Buntut Dugaan Kriminalisasi Masyarakat Lokal, Kepemimpinan Lalu Iqbal Dipertanyakan

Barsela24news.com

Mataram, NTB - Konflik lahan antara H. Suriamin, seorang tokoh masyarakat Gili Trawangan, dengan warga negara asing (WNA) Brendan Edward Muir asal Australia, menyiratkan masalah mendalam. Hal ini lantaran tidak adanya kepastian hukum dan ketimpangan kekuasaan di pulau wisata tersebut.

Konflik tersebut bukan sekadar perselisihan sewa-menyewa. Namun, merupakan gejala dari sistem pengelolaan lahan yang tidak mengakui hak-hak masyarakat lokal. 

Pernyataan itu ditegaskan, Fathul Khairul Anam, S.H, M.H, selaku Kuasa Hukum H. Suriamin.

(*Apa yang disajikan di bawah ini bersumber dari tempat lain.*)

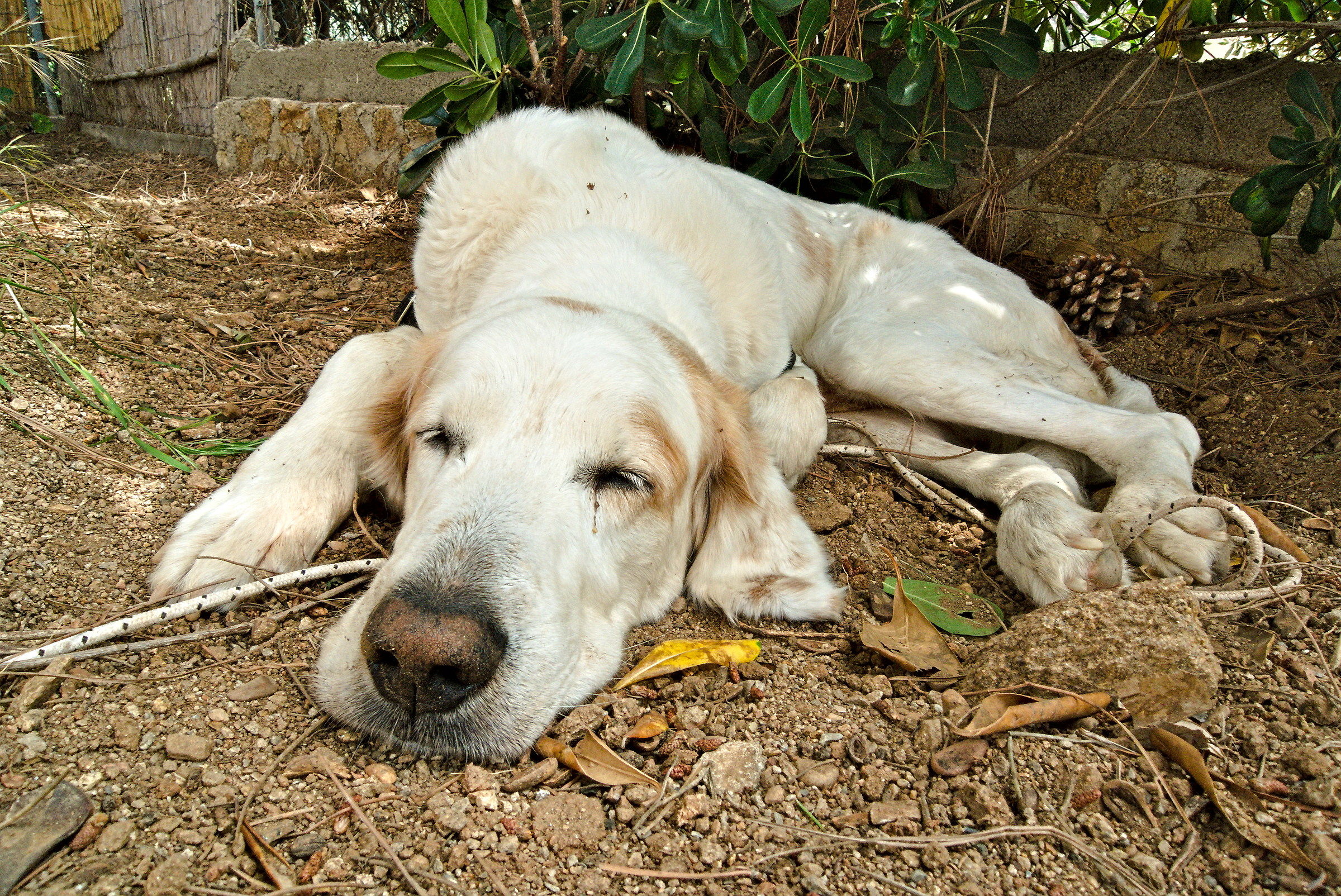 E capperi... è vacanza anche per me!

"Termasuk kehadiran Gubernur NTB yang tidak serius memperhatikan masyarakat lokal Gili Trawangan. Karena dari peristiwa ini, sudah bertolak belakang dengan spirit awal pemutusan Kontrak lahan Eks GTI, yakni tanpa melupakan jejak histori masyarakat lokal disana," kata Anam kepada media ini.

Malah sebaliknya, kata Anam, kecenderungan yelow papper (Persetujuan pemamfaatan lahan) justru berpihak kepada WNA. "Lalu Iqbal tidak benar-benar serius memprioritaskan masyarakat lokal Gili Trawangan," tuduhnya

Lebih jauh kata Anam, kasus ini, tidak bisa dilihat secara hitam-putih. Konflik ini berpusat pada perjanjian sewa lahan antara H. Suriamin dan Brendan Edward Muir (pengelola hostel My Mates Place) yang ditandatangani pada 27 Mei 2015 untuk jangka waktu 20 tahun. 

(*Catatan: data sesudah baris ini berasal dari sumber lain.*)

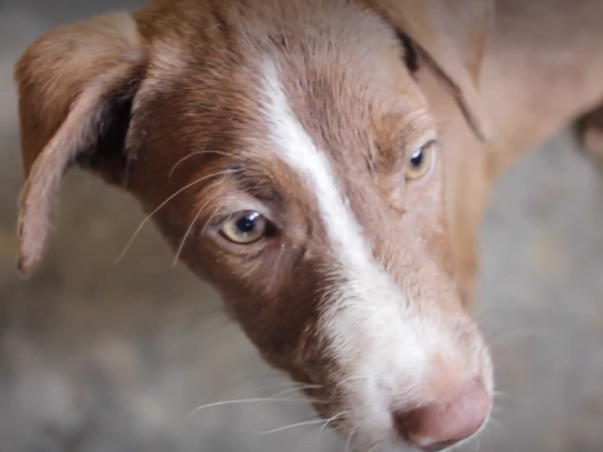 Support and Help For voiceless Stray Dogs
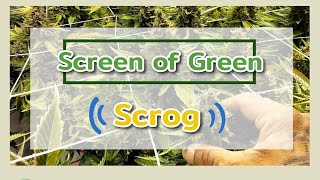 SCROG NET การขึงตาข่าย สำหรับปลูกกัญชา ช่วยเพิ่มผลผลิต มันดียังไง ขั้นตอนการขึงตาข่าย  #vgrow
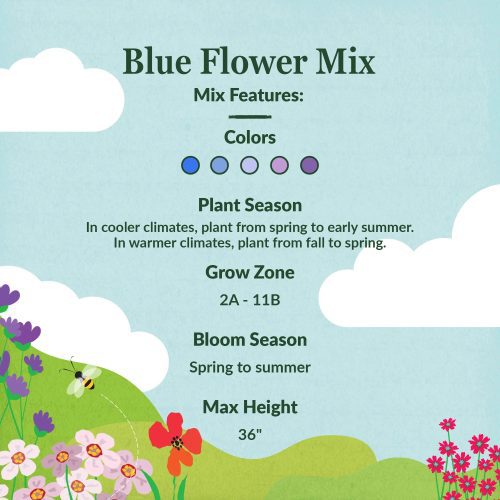 WF 07 Blue Flower Mix Feature summary Compressed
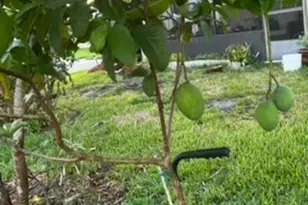 3403 Cloudberry Pl, Melbourne, FL 32940 - Photo 31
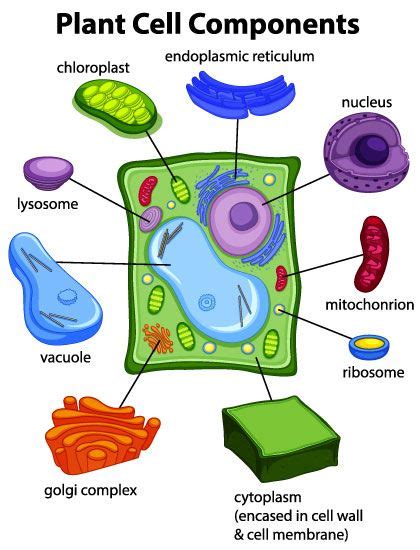 Plant Cell Components Plant Profiles Heirloom Gardener Plant Cell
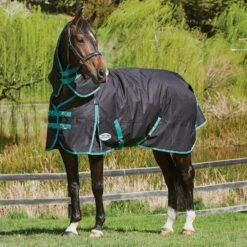 Weatherbeeta Green-Tec 900D 220g Medium Weight Detach-A-Neck Turnout Rug 18 Weatherbeeta Green-Tec 900D 220g Medium Weight Detach-A-Neck Turnout Rug -Horse Riding Equipment Store go 517479 c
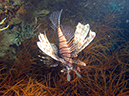 2011-10-23 - Marazan Wreck Sangat Island (2)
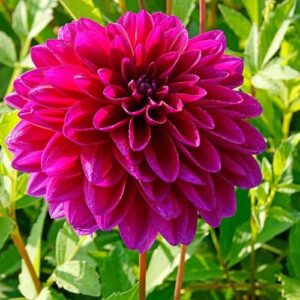 Votaniki Le Baron Dahlia Root - Perennial Decorative Dahlia, Flower - Hardy and Low Maintenance Flowering Root | Easy to Grow Perfect for Cut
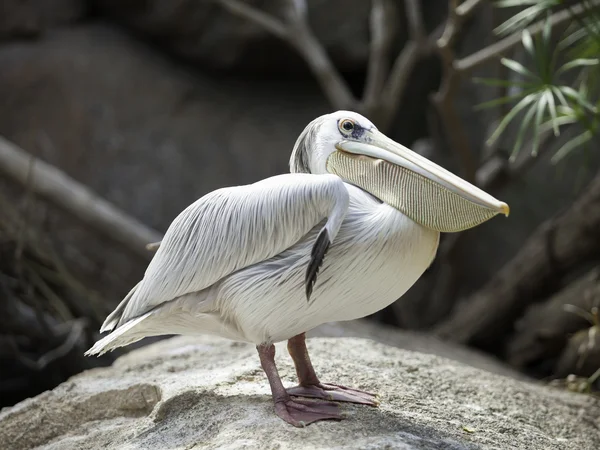 Retrato pelicano — Fotografia de Stock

Usai pemutusan kontrak PT GTI, terjadi kebingungan mengenai kepada siapa pihak asing harus membayar sewa. 

"Ketika pembayaran dihentikan dan warga lokal melakukan upaya penegasan klaim. Seperti berbagai bentuk upaya penagihan uang sewa, tindakan itu dapat dengan mudah disajikan sebagai pengusiran atau pemerasan," katanya.

Tindakan Brendan yang melaporkan H. Suriamin beserta dengan anaknya, bahkan dilihat memenjarakan satu keluarga ke Polda NTB dapat dilihat sebagai bentuk kriminalisasi.

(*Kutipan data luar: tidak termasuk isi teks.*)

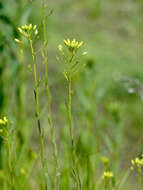 Image of false flax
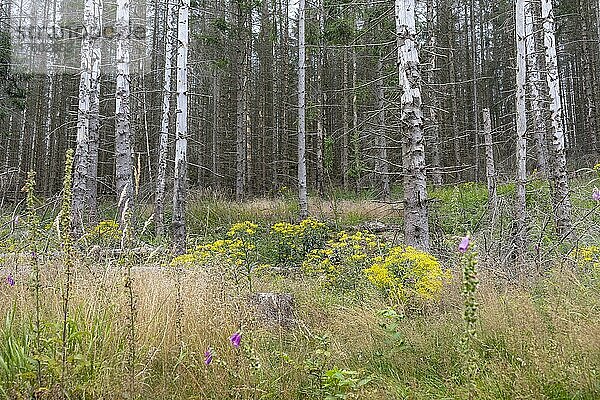 Gelb blühendes Greiskraut (Senecio) zwischen abgestorbenen Bäumen  Waldsterben im Nationalpark Harz  Sachsen-Anhalt  Deutschland  Europa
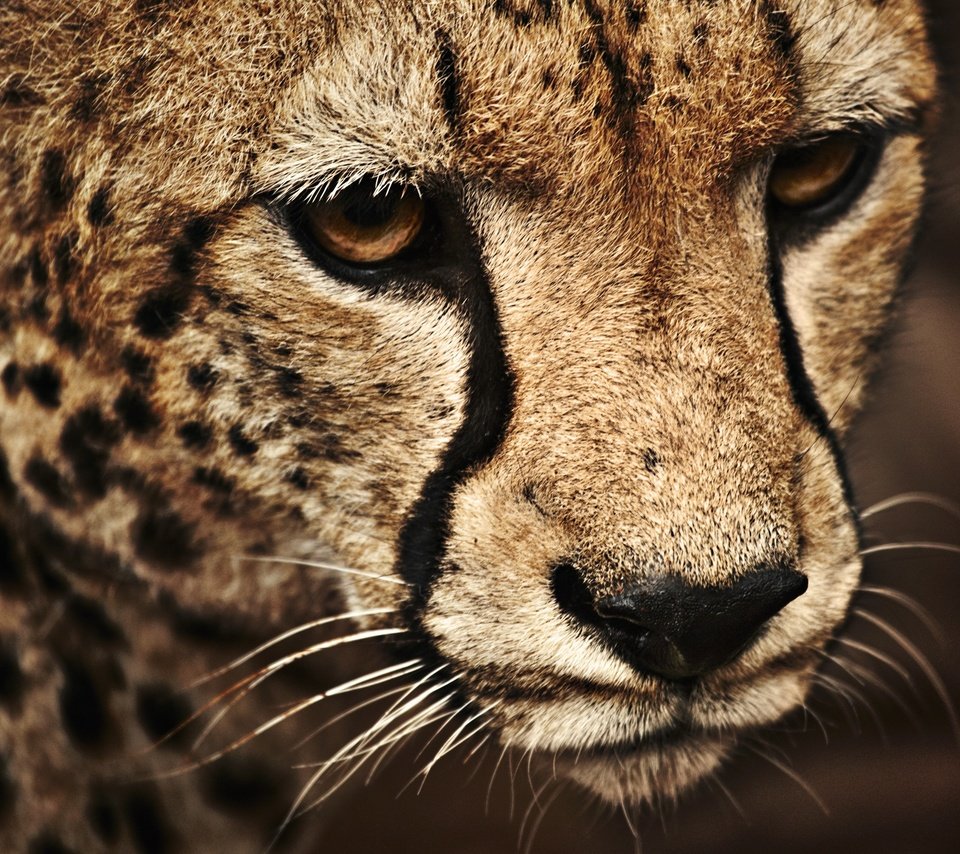Обои морда, кошка, леопард, пятна, нос, face, cat, leopard, spot, nose разрешение 2560x1596 Загрузить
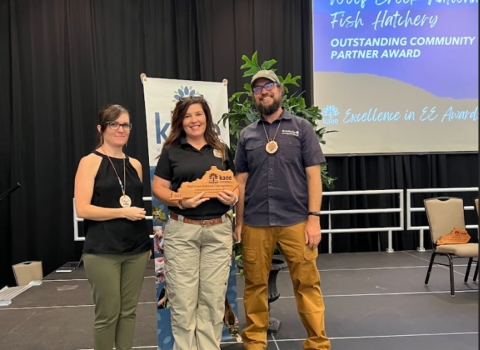 3 people pictured on stage receiving an award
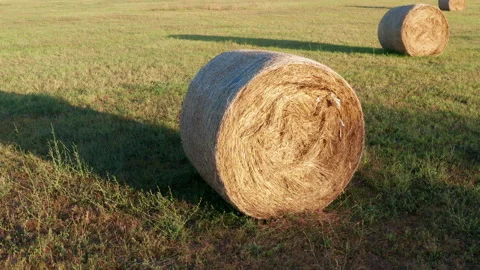 Hay - round bales or rolls - on the field in late summer or autumn Stock Footage 213412883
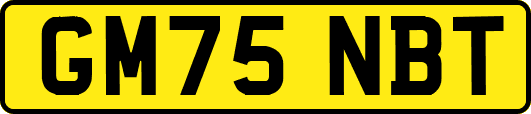 GM75NBT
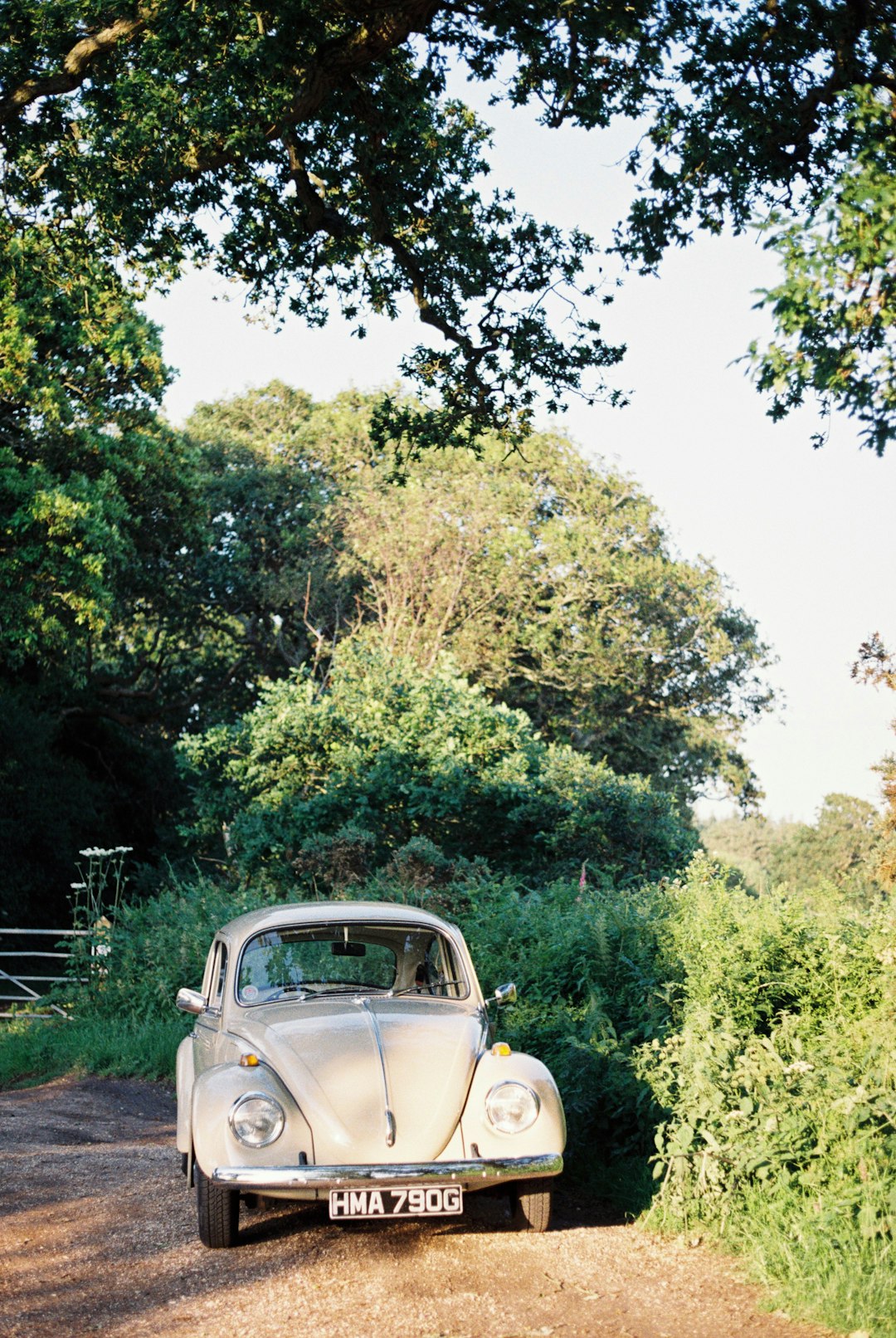 vintage car parked near green trees during daytime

Media ini berupaya melakukan konfirmasi kepada pihak Pemprov NTB juga Gubernur NTB, Lalu M. Iqbal. Namun belum ada respons hingga berita ini dimuat.

Ulasan Kasus

Untuk diketahui, kasus tersebut oleh kejaksaan Tinggi NTB sudah masuk pelimpahan ke Pengadilan Negeri Mataram. Di mana aaat ini telah masuk agenda pembuktian di tahap persidangan.

Pemerintah Provinsi NTB juga sejatinya telah mengambil langkah progresif dengan memutus kontrak pengelolaan dengan PT Gili Trawangan Indah (GTI) pada 2021. Di mana saat itu juga menyerahkan pengelolaan lahan seluas 65 hektare kepada masyarakat lokal.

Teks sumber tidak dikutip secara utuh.